Twisted-calibrations and the cone on the Veronese surface
Murdoch, Timothy Armstrong
Bryant, Robert L.
Doctor of Philosophy
This thesis proposes an extension of the methods of calibrated geometries to include non-orientable submanifolds. This is done by "orienting" a non-orientable submanifold N of a Riemannian manifold M with a real Euclidean line bundle. Real Euclidean line bundles over a smooth manifold are shown to be in one-to-one correspondence with two-sheeted covering spaces. The equivalence classes of Euclidean line bundles are naturally described by a certain cohomology group. Moreover, a given Euclidean line bundle L over a smooth manifold M defines a natural class of submanifolds, called the L-orientable submanifolds. Such a submanifold N is defined by the condition that its orientation bundle be isomorphic to the bundle obtained by restriction of L to N. For smooth manifolds, the differential forms with values in a Euclidean line bundle are interpreted as ordinary differential forms on the associated two-sheeted cover satisfying an additional "twisting" condition. An analogue of Stokes's theorem for densities is shown to hold for the L-oriented submanifolds described above. For Riemannian manifolds, we apply the conventional theory of calibrations to the twisted forms on the (Riemannian) double cover.
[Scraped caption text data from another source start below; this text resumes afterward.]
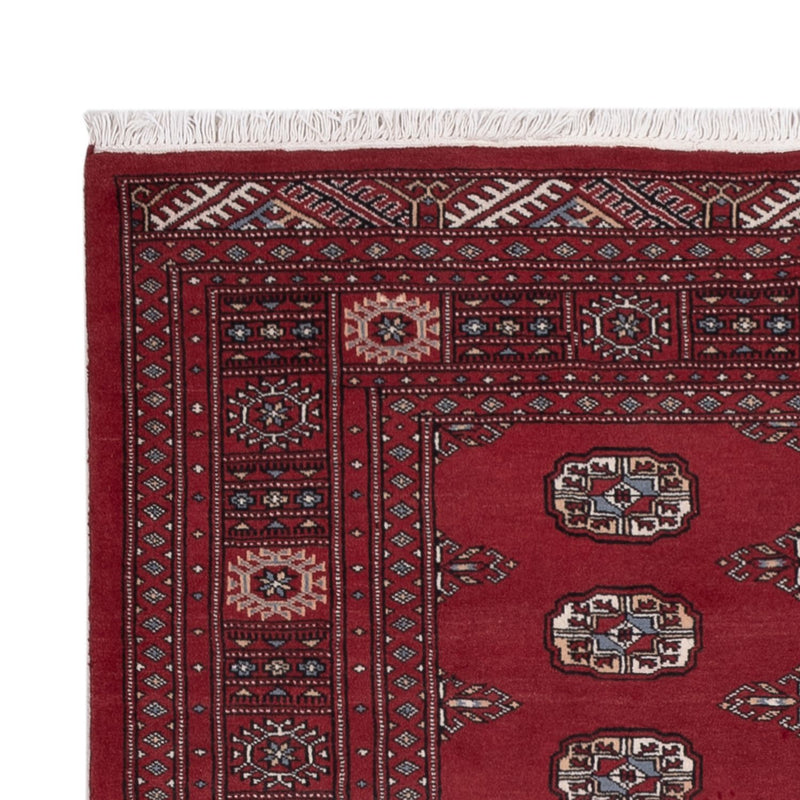 Pakistaans tapijt - 179 x 139 cm - rood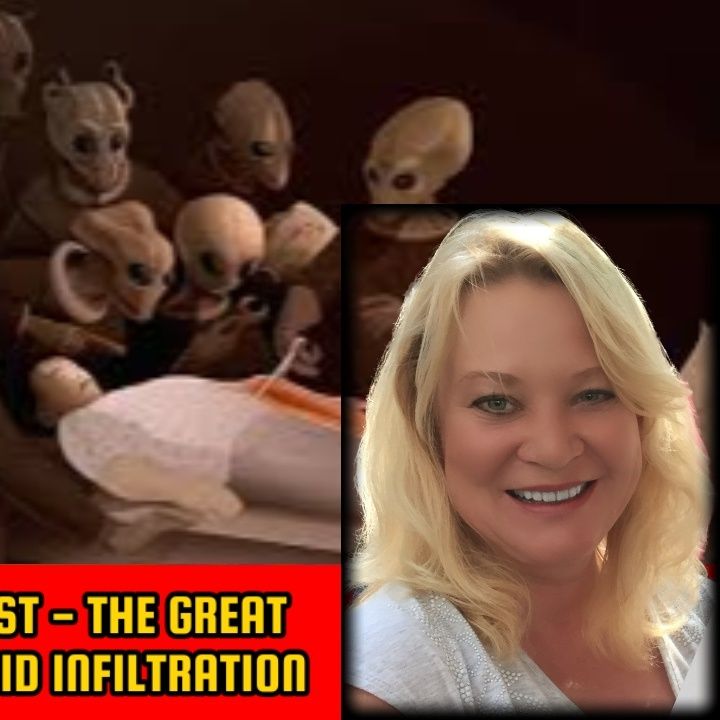Stolen Seed, Evil Harvest - The Great Deception - Global Hybrid Infiltration | Karin Wilkinson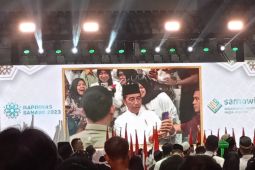 Presiden jawab soal usul pimpinan KPK dinonaktifkan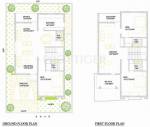 Manbhum Bougainville (3BHK+4T (2,700 sq ft) 2700 sq ft) Manbhum Bougainville (3BHK+4T (2,700 sq ft) 2700 sq ft)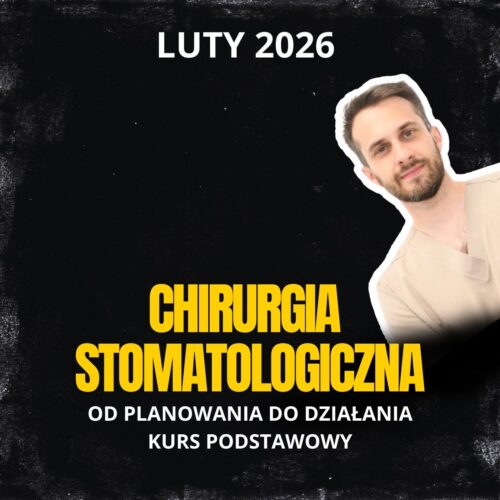 Szkolenie z chirurgii stomatologicznej (LUTY)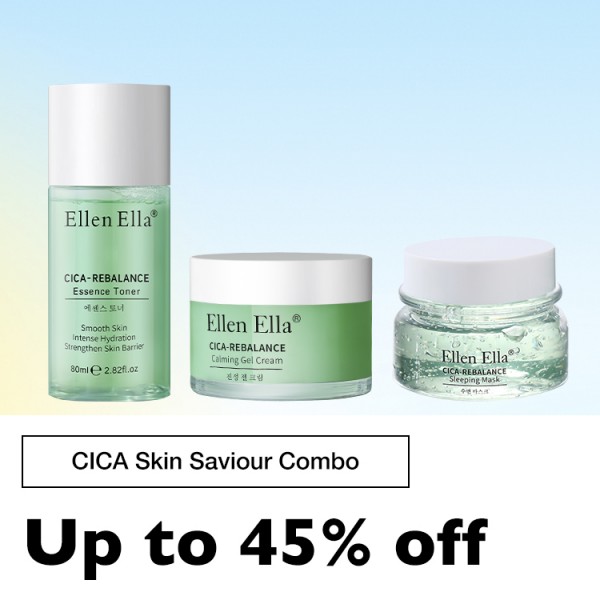 Ellen Ella Centella Asiatica Skin Saviou..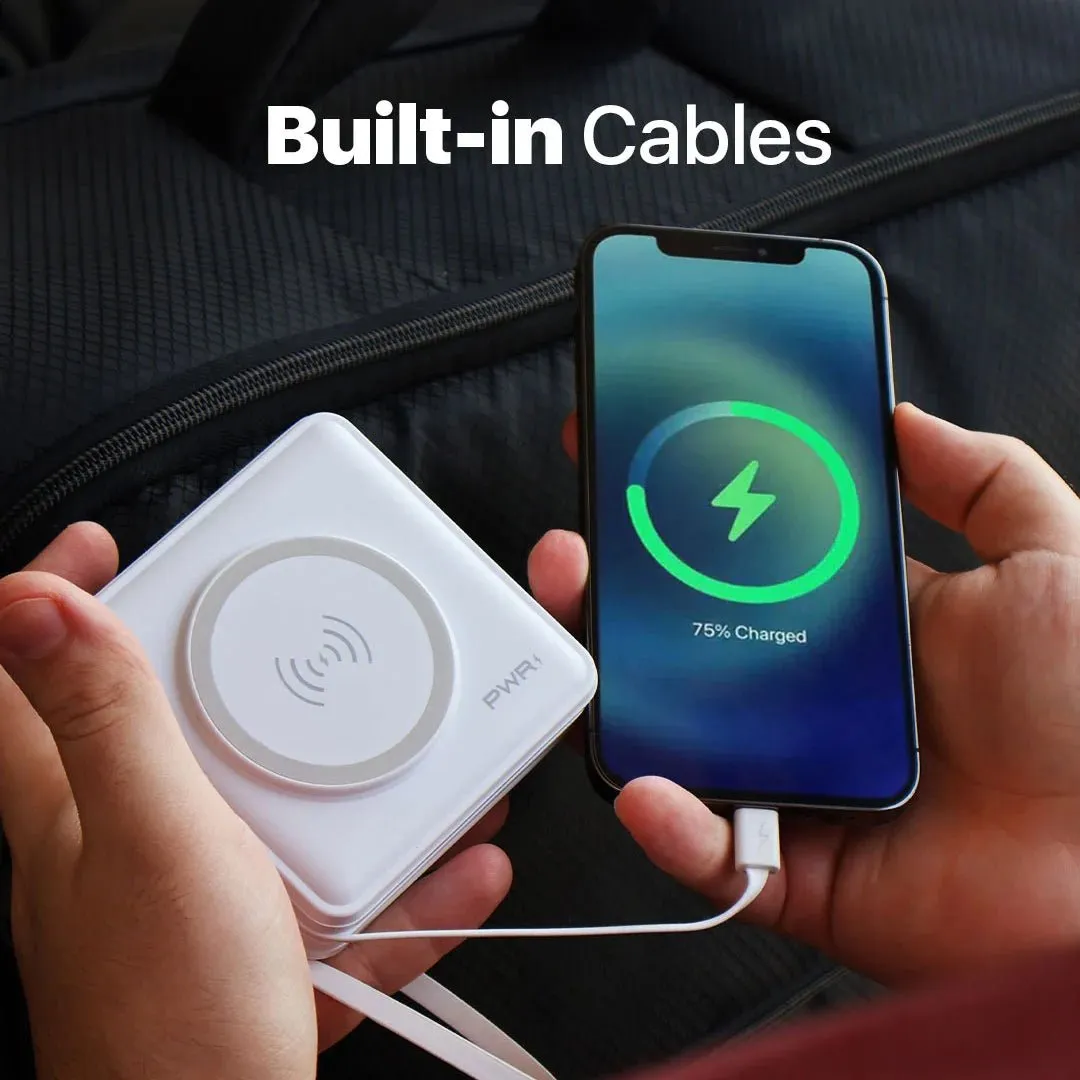Travel Pro - 5 in 1 Power Bank (DEAL)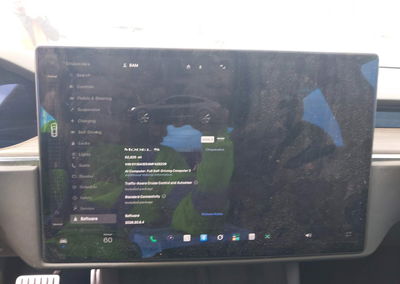 2021 Tesla Model S Long Range Dual Motor All-wheel Drive, uszkodzenie: Normal Wear & Tear, Iaai lot 45679059, zdjęcie 7 z 18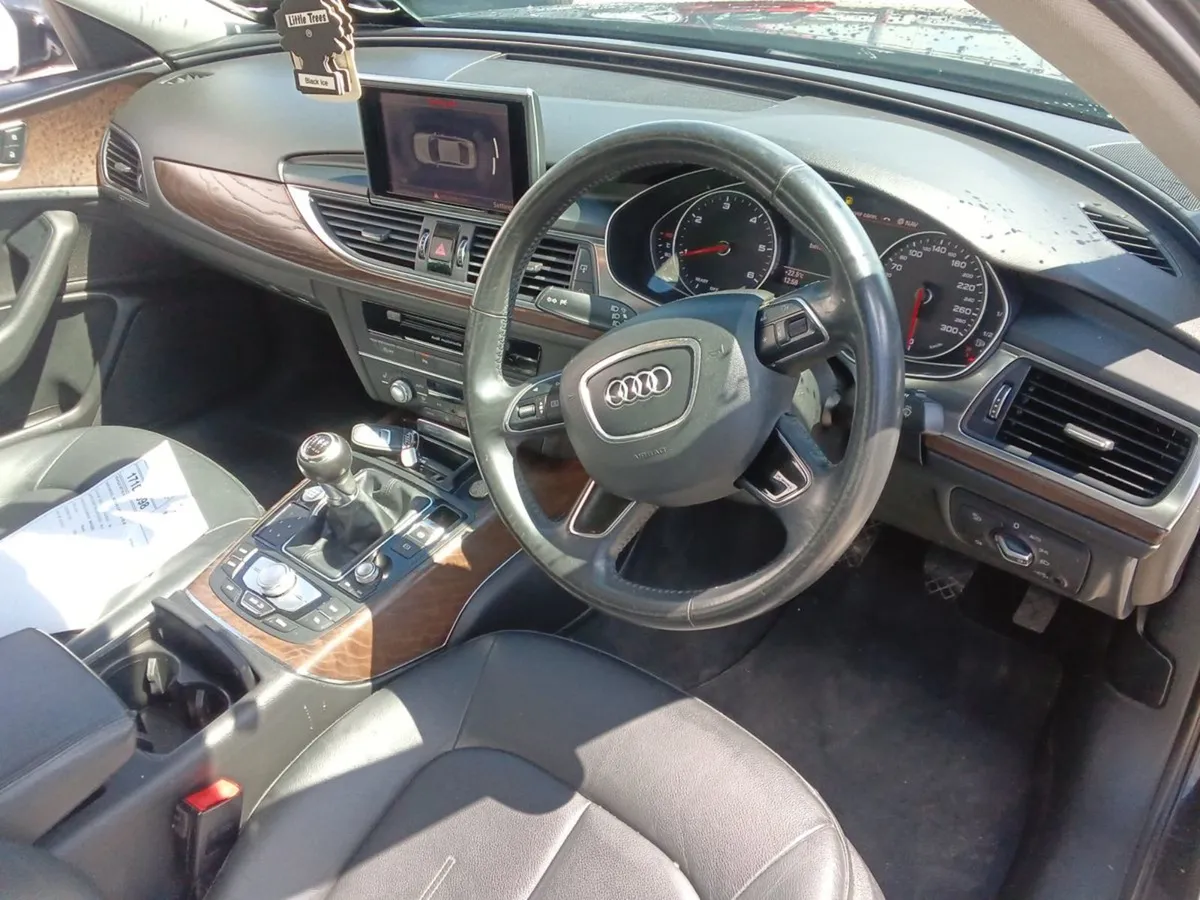 Audi A6 2.0tdi 150 SE BUS - Image 4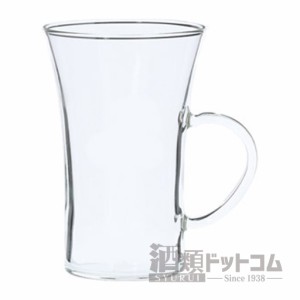 【酒 ドリンク 】耐熱ホットグラス 280ml(1個)(6256)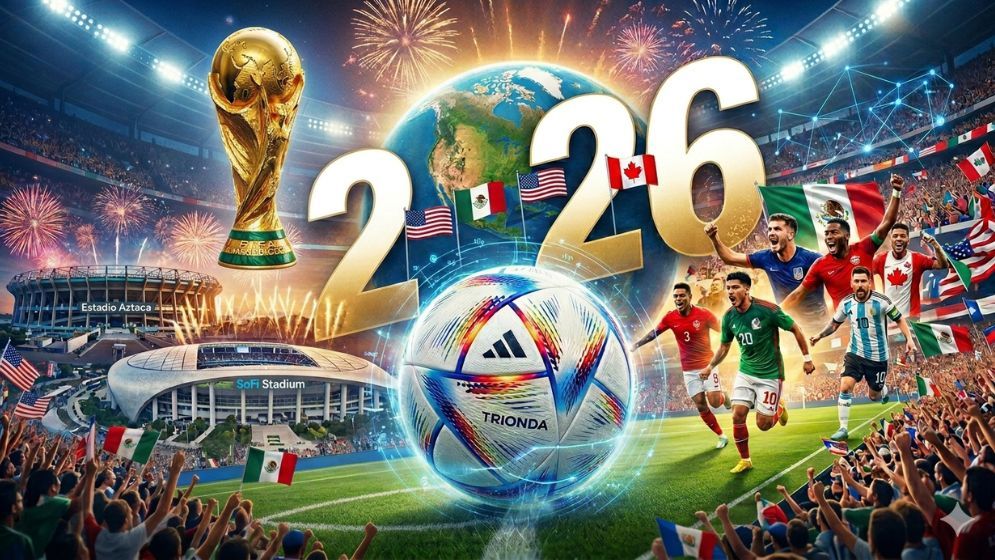 FIFA world cup 2026 host country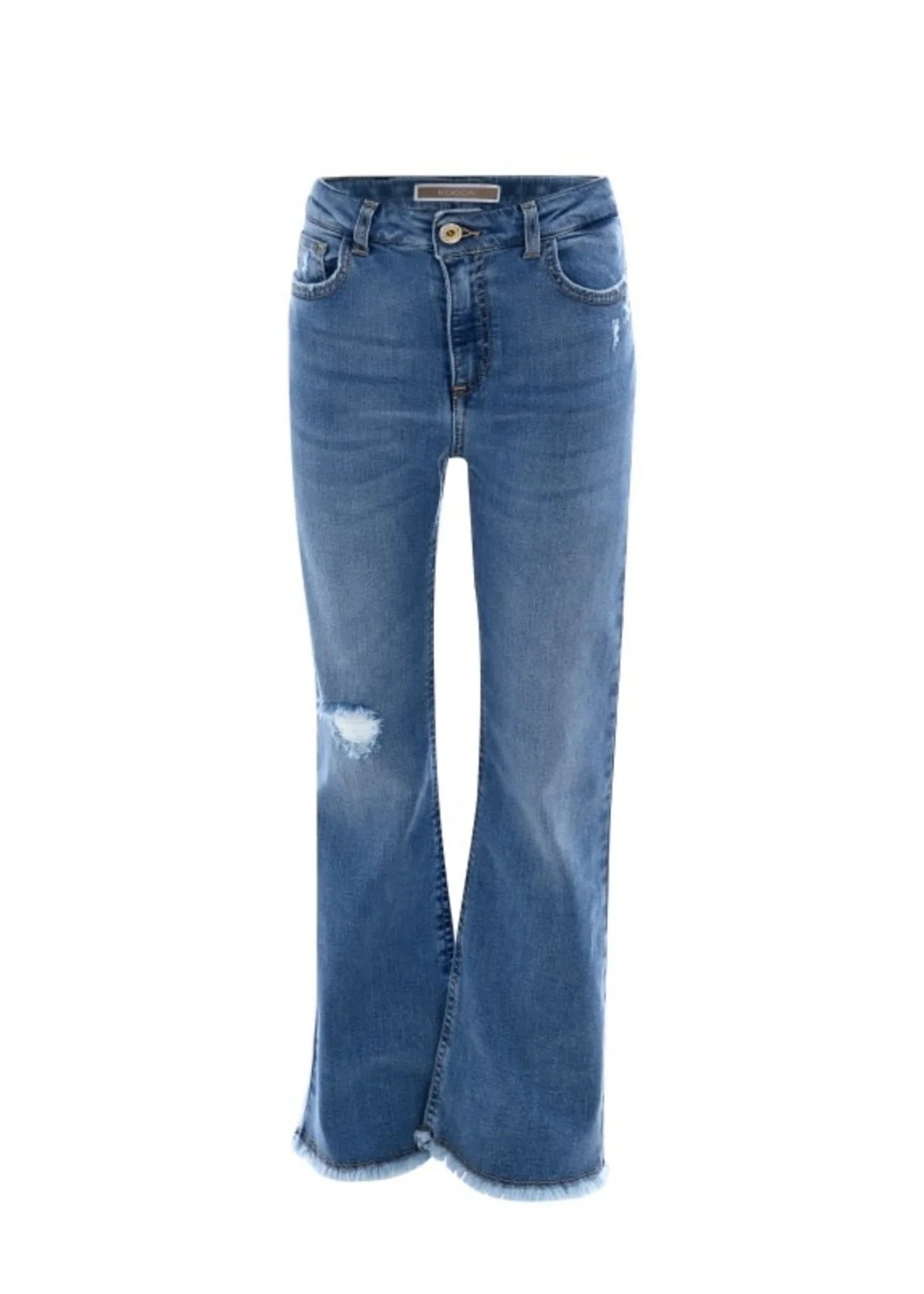 Kocca - Bootcut Jeans Okioka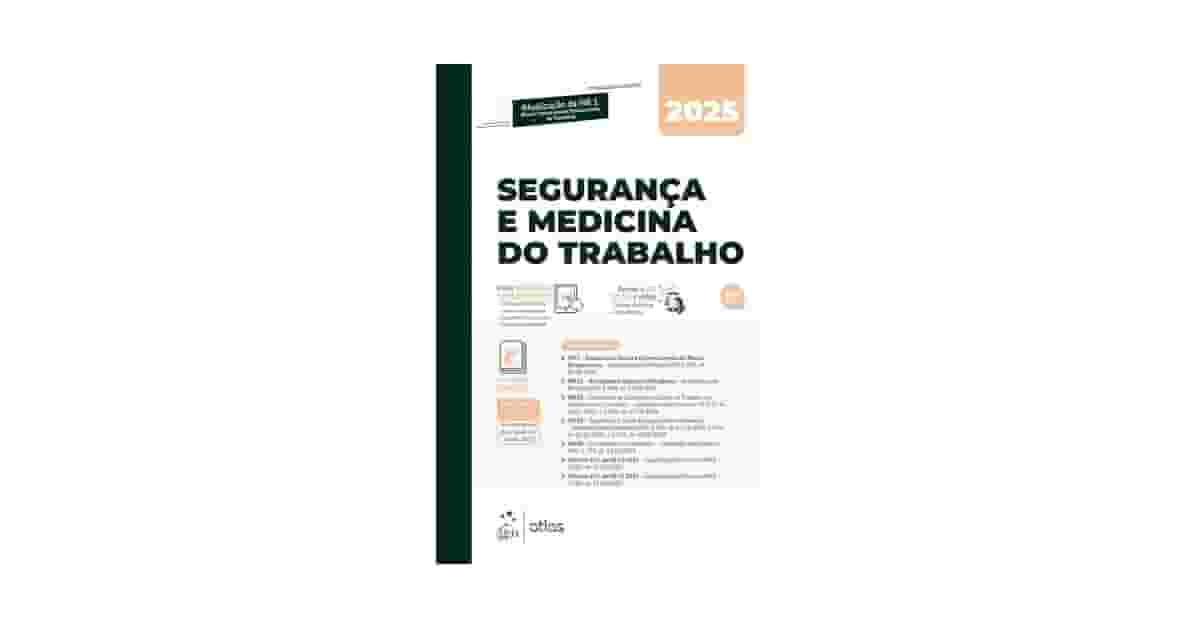 Melhor Livro de Medicina do Trabalho: Guia Essencial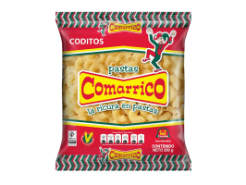Pastas Comarrico Coditios 250 g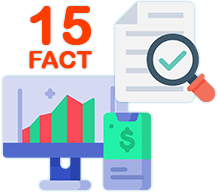 15 фактов о торговле на Форекс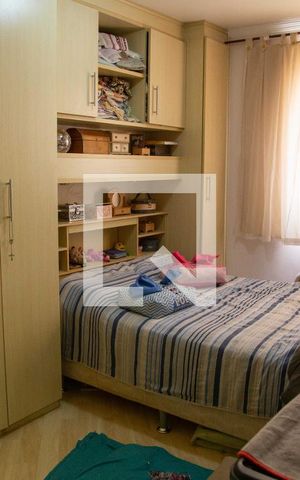 Apartamento à venda com 56m², 2 quartos e 1 vagaQuarto 1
The L-oriented submanifolds which are "twisted-calibrated" satisfy the mass minimizing property (among L-orientable submanifolds) associated to calibrated submanifolds. One consequence of this fact is that a twisted-calibrated submanifold is stable. Finally, by using the action of SO(3) on the traceless three-by-three symmetric matrices, it is proved that the cone of the Veronese surface is twisted-calibrated and hence stable. In fact, the twisted-calibration is of a special form which shows that the cone minimizes area among a fairly general class of 3-folds.